Composition : Somapura Mahavihara

Somapura Mahavihara

Paharpur is an important archaeological site situated in a village named ‘Paharpur’ in Naogaon district of northern Bangladesh. Naogoan is mainly plain land but in the middle of it stood a hill covered with jungle.

When the jungle was cleared and the hill excavated, there emerged a lofty ruin of an ancient temple. The temple is about 24 metre high from the surrounding level. ‘Pahar’ means hill. Hence is the name Paharpur.

The Paharpur site has been excavated and re-excavated a number of times by archaeologists. Sir Alexander visited the place in 1879. Cunningham intended to carry out an extensive excavation but was prevented by the landowner. Nevertheless, he was satisfied with whatever excavation he was permitted to carry on. He discovered the ruins of a square tower of 22 feet side with a projection in the middle of each side from the top of the central hill. The site was declared to the protected by the Archaeological Survey of India in 1919 under the Ancient Monumnets’ Preservation Act of 1904.

Systematic and regular excavation started jointly by Archaeological Survey of India, and Varendra Research Society of Rajshahi and Kolkata (at that time known as Calcutta) University in 1923. They excavated the south-west corner of the monastery. Next in 1925-26, R D Banerjee excavated the northern part of the central mound. From 1926-27 onward excavation was carried out under the supervision of K N Dikshit.

The Department of Archaeology of Bangladesh brought the site under further excavation after independence.
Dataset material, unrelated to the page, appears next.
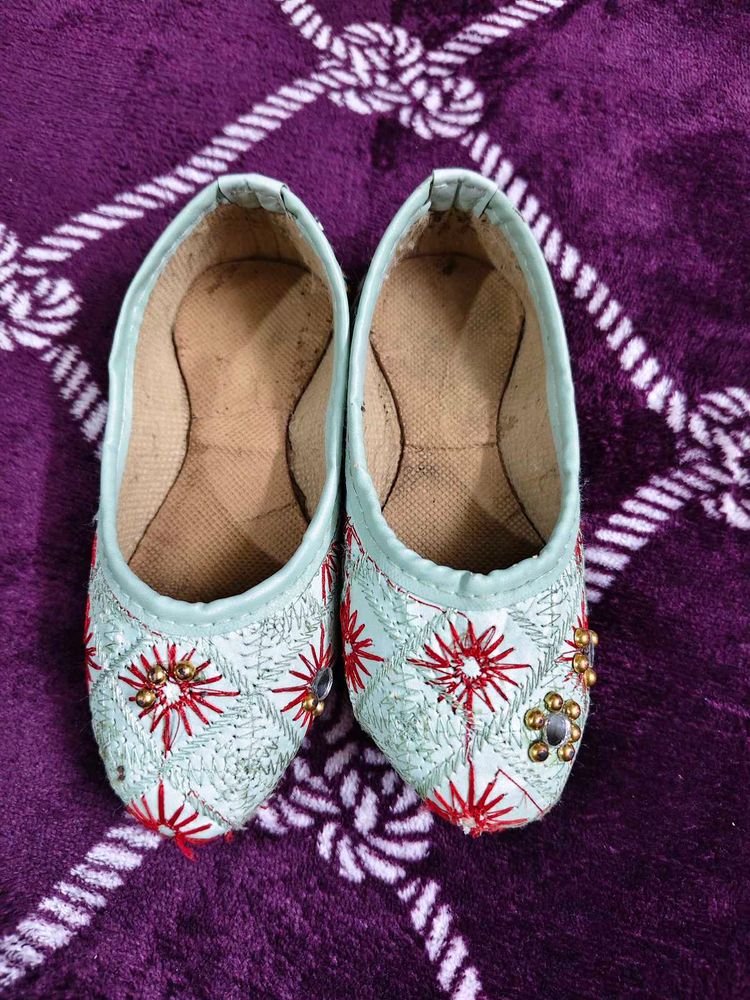 Girls Jhuti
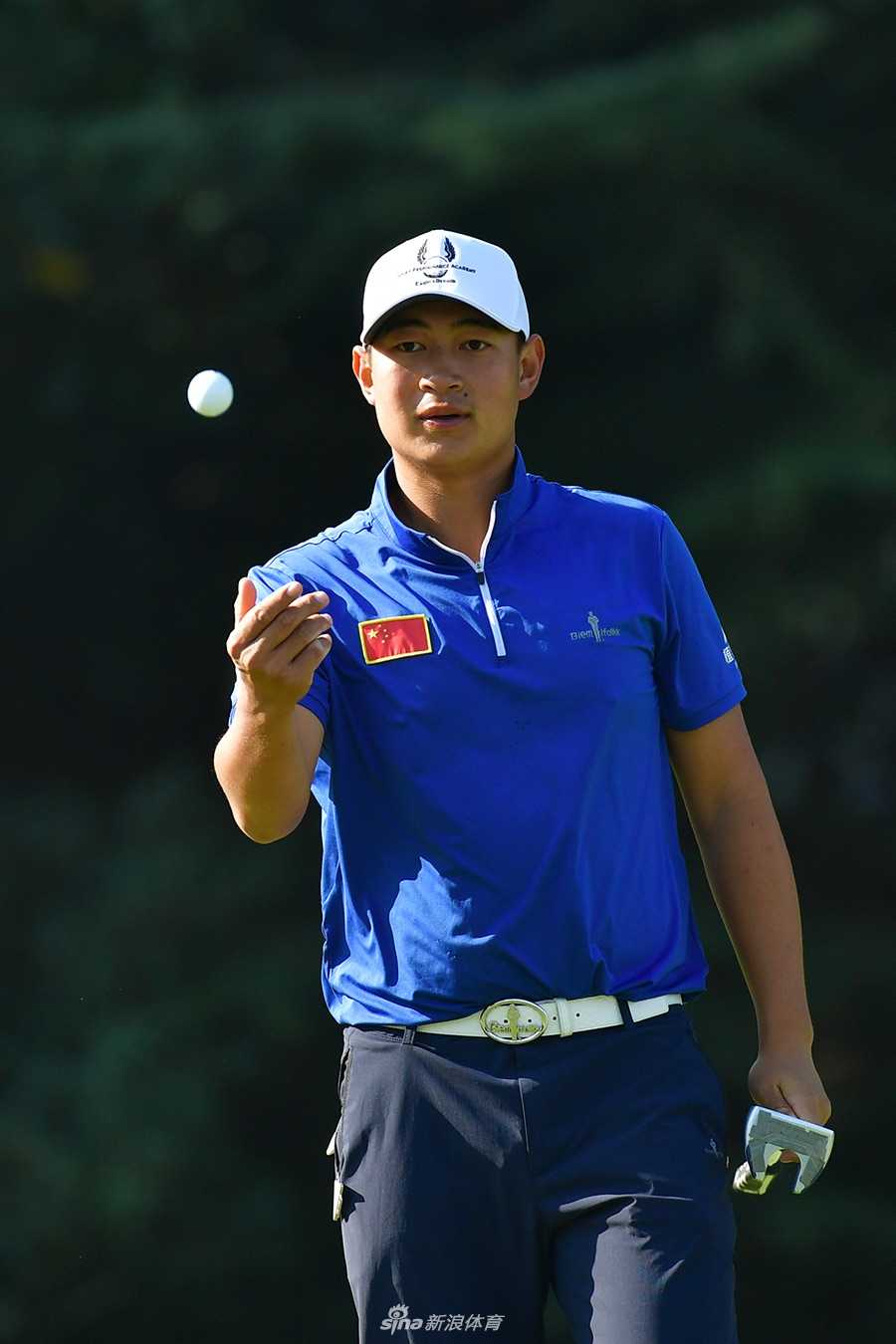 汇丰冠军赛中国军团奋战记 李昊桐领衔展风采 李昊桐在沙坑中果断挥杆,沙粒飞扬间,展现了他处理困难球位的精湛技术与决心。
The operations took place in two phases. The first phase was initiated in 1981-82 and continued to 1984-1985. The second phase was started in 1988-89 and continued to 1990-91.

Pre-liberation expeditions have revealed the architectural remains of a vast Buddhist monastery, the Somapura Mahavihara. It is donimated by the central shrine, attracting immediate attention by its lofty height and unusual architectural design.

Somapura Mahavihara was one of the most famous Buddhist institutions for monks of ancient Bengal and in southern Asia. The excavated complex at Paharpur has been identified with the Somapura Mahavihara built by the second Pala king Dharmapala (781-821 AD). Some clay seals from the ruins bear the inscription Shri-Somapure Shri-Dharmapaladeva-Mahavihariyarya-bhiksu-sangghasya.

The Pala rulers were devout Buddhists and they founded a number of monasteries throughout their growing empire. Some of them became great centres of learning and their reputation quickly spread throughout Asia. Somapura Mahavihara’s close relationship with the ruling dynasty implied that it shared the political ups and downs of its benefactors.